The Phantom Cross

A little more than a week ago, we dropped our second son Gabe off at the NET Center in St. Paul to begin training for nine months of drawing young people to Christ as a NET Ministries missionary. Then yesterday we dropped our eldest, Brendan, off for his third and final year at the University of Mary in Bismarck, North Dakota.

As we sped east on I-94 last night, Jodi reflected that we hadn’t taken a photo of Bren as we dropped him off this year. The first year we took several. Last year I snapped one of Brendan and his roommate Nick for Jodi, since she couldn’t be there when I dropped him off. This time we were both there, and it was clearer than ever that our adult son has another beautiful life, mostly hidden from us. This was revealed during a brief stop  at his girlfriend Becky’s home in Moorehead for introductions and delicious, homemade double-chocolate-chip-and-almond scones on the way to UMary, by the laughter and embraces upon his arrival on campus, the excitement and shouted greetings from hallways and upstairs windows, the verbal and non-verbal shorthand between our son and his friends. He belongs there as much as in our home, and we were so subconsciously aware of this that dropping him off and driving away seemed almost natural.
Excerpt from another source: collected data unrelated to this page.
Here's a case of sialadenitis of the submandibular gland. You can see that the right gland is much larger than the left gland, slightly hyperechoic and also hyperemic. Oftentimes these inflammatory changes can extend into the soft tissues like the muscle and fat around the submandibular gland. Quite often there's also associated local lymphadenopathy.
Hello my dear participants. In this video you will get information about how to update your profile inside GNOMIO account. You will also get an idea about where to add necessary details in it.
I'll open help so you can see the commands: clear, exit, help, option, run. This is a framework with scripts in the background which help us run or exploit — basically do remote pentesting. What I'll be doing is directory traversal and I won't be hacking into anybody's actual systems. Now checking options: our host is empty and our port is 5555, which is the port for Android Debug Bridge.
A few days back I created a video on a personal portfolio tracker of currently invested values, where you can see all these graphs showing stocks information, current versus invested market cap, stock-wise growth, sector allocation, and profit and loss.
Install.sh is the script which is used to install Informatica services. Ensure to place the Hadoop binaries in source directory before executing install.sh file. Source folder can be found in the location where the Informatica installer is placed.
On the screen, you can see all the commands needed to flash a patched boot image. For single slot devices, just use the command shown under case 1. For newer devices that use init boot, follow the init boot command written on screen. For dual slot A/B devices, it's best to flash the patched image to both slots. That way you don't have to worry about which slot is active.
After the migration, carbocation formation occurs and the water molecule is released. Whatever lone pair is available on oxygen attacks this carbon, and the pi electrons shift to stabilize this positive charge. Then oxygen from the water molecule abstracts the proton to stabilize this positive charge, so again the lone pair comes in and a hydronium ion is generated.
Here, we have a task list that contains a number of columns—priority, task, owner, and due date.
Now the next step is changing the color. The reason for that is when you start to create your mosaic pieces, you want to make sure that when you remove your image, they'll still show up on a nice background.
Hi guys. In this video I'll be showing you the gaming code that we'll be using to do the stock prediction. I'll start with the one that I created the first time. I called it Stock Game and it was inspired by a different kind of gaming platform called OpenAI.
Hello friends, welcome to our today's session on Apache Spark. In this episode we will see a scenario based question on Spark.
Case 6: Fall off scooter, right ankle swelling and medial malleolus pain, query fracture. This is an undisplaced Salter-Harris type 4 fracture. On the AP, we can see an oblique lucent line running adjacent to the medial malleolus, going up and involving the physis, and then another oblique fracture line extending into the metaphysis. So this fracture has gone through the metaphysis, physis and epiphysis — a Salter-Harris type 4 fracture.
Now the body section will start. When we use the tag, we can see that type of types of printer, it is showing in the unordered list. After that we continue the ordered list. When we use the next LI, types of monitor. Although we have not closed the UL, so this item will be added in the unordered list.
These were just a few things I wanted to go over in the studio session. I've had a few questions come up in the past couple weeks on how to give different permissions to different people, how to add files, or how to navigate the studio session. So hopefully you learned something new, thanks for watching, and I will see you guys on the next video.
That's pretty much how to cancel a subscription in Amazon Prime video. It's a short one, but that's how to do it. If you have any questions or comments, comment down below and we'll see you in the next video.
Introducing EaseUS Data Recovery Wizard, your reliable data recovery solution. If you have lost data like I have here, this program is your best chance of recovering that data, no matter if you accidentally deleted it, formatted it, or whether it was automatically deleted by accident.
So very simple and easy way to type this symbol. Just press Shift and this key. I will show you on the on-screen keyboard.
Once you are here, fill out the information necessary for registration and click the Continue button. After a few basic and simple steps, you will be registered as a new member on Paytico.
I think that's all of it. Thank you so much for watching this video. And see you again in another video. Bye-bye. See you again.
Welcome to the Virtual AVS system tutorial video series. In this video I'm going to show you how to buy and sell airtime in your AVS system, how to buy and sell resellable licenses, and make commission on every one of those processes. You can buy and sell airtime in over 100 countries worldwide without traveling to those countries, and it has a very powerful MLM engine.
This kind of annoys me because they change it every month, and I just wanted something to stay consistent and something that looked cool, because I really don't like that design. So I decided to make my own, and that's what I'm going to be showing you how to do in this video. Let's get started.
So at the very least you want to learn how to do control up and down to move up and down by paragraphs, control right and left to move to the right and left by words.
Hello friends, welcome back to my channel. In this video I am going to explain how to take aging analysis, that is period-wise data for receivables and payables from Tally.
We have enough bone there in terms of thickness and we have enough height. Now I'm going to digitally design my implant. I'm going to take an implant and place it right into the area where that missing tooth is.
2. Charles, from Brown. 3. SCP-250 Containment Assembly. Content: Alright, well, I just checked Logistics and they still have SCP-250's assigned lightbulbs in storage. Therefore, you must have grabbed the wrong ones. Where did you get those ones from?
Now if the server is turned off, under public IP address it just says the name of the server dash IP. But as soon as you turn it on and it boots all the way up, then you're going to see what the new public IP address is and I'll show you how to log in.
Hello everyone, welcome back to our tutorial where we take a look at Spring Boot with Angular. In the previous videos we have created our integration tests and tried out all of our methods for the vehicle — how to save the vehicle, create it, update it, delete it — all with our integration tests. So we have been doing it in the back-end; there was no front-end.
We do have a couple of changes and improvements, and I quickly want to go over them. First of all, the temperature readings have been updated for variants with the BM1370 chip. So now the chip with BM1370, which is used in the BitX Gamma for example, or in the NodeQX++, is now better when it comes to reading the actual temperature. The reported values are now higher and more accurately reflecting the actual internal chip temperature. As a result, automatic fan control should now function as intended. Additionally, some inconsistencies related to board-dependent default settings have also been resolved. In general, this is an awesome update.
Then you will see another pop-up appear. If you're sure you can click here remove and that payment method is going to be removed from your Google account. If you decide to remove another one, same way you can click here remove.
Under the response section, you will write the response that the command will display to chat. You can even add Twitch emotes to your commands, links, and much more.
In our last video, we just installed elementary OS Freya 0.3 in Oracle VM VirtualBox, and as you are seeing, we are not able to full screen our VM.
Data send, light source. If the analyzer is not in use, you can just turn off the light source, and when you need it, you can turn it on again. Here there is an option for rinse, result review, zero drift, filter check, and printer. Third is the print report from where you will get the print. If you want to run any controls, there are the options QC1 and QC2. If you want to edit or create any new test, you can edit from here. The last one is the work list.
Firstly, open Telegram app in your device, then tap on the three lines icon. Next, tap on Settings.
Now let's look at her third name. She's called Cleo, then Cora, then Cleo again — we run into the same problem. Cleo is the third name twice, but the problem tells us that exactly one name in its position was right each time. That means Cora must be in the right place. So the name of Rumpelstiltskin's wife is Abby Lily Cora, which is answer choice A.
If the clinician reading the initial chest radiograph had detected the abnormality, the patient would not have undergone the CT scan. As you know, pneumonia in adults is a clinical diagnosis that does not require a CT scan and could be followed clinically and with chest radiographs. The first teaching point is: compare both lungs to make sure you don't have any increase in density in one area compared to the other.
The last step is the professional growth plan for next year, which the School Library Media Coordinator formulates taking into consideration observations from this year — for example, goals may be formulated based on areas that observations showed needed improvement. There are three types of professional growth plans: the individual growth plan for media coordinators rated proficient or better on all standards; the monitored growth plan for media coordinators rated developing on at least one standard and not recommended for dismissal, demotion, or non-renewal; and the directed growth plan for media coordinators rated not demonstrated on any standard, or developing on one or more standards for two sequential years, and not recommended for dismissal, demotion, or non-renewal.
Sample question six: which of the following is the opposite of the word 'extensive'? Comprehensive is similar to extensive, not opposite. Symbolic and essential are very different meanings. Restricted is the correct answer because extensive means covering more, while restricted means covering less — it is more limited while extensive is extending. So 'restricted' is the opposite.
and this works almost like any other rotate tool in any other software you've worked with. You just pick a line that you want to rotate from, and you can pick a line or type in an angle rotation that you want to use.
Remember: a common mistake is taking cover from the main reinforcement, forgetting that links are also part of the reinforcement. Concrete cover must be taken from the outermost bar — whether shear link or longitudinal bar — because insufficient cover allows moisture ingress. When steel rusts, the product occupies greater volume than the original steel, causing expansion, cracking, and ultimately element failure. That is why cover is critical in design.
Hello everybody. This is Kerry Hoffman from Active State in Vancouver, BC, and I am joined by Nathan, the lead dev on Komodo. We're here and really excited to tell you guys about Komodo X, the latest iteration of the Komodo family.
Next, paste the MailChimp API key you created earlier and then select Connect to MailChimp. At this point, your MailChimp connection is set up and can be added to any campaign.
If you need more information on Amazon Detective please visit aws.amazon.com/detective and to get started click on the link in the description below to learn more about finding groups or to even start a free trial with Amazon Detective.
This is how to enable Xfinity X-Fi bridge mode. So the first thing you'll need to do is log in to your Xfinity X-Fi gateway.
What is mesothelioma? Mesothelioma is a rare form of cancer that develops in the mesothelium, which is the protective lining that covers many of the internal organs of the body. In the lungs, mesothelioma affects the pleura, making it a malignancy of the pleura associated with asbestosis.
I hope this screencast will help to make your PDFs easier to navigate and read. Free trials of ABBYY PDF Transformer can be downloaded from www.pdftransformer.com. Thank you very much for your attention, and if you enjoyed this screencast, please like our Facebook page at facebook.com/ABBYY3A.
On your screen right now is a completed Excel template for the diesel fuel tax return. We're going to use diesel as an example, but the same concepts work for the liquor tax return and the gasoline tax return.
It was not precisely so when we dropped off Gabe. I’ve reflected briefly on the difference when we celebrated his grad party earlier this summer: When we took Bren to Bismarck the first time, the sensation was like a long, taut line from me to him—I could not see him, but I could feel him and was acutely aware of his presence six hours to the west. But Gabe was dropped off just down the road in St. Paul, at a place he has been before. Currently he is at a camp somewhere in the woods, praying and team-building and training like countless times previously. From this perspective, this feels like no big deal—Gabe is doing youth ministry as he has for years now.

On the other hand, this time he is not coming home until Christmas and will be gone again until spring. And if he is chosen for a traveling team, as he hopes, he won’t be in any one place, but will live out of a suitcase, a van and a trailer, staying in strange homes in strange cities.

Only when the line connecting us is pulled tight can we feel the tug across the miles. This line is so slack and tangled that I don’t see him here or feel him there. He’s just absent.

This morning at Adoration, it struck me harder than ever: God is teaching me to surrender—to entrust everything He has given Jodi and me back into His hands and let Him dispose of it as He chooses.

My children. My marriage. My career. My life, heart, and soul. 

We have been blessed so abundantly that I am frightened by it and catch myself looking all around for the cross I will be asked to die on. Jesus said we will suffer as His disciples, and that we must take up our cross. But I can’t see it. I want to surrender, take up my cross, and follow. I want to feel the weight of the wood and drag it up the stony path. I want to see the nails and even to feel the terrible pain as they secure me to Him.

But I can’t see it. I don’t feel it. I am joyful, comfortable, content—and it scares me.

And then it occurs to me: I long to feel the rough wood and the bite of steel, because I seek certainty. I want a cross I can feel, adjust to, and manage. But—at least for now—mine is a phantom cross. Its presence is this absence, this blindness and grasping, this reluctance to be led where He wants me to go.

I want to know I am His. He wants me to trust. I want to rest secure in this beautiful life He has given to Jodi and me. He wants me to strive—to strain with all my might against no weight at all and to keep doing so; to resist the complacency and mediocrity that come with comfort.

He has blessed me to test me.

During our recent retreat at Demontreville, our retreat master urged me to write a letter to me family, apologizing for the ways in which I have let my own insecurities and anxieties take a toll on them. I did so, shared it with Jodi and the four older children, and asked for their feedback. On the way to the NET Center last week, Gabe mentioned that he had brought with him Introduction to the Devout Life by my patron, St. Francis de Sales, in order to finish it in the coming months. He reminded me that the gentle Doctor of the Church speaks of our affections, which draw us to God, and our resolutions, by which we change ourselves to secure the Object of our affections.

“So I guess my feedback for you is this,” he said (or something very like this—I was so humbled by his frankness and wisdom I admit I lost the exact wording). “Every few months you write about your desire to draw nearer to God—what are you going to do about it?”

I am choking up as I recall and write this. Gabe is a good man—wise beyond his years in many ways—and I miss him.

We are blessed, and the risk is rest. The way of the cross is up, up toward heaven, and we have to climb. One can only coast downward.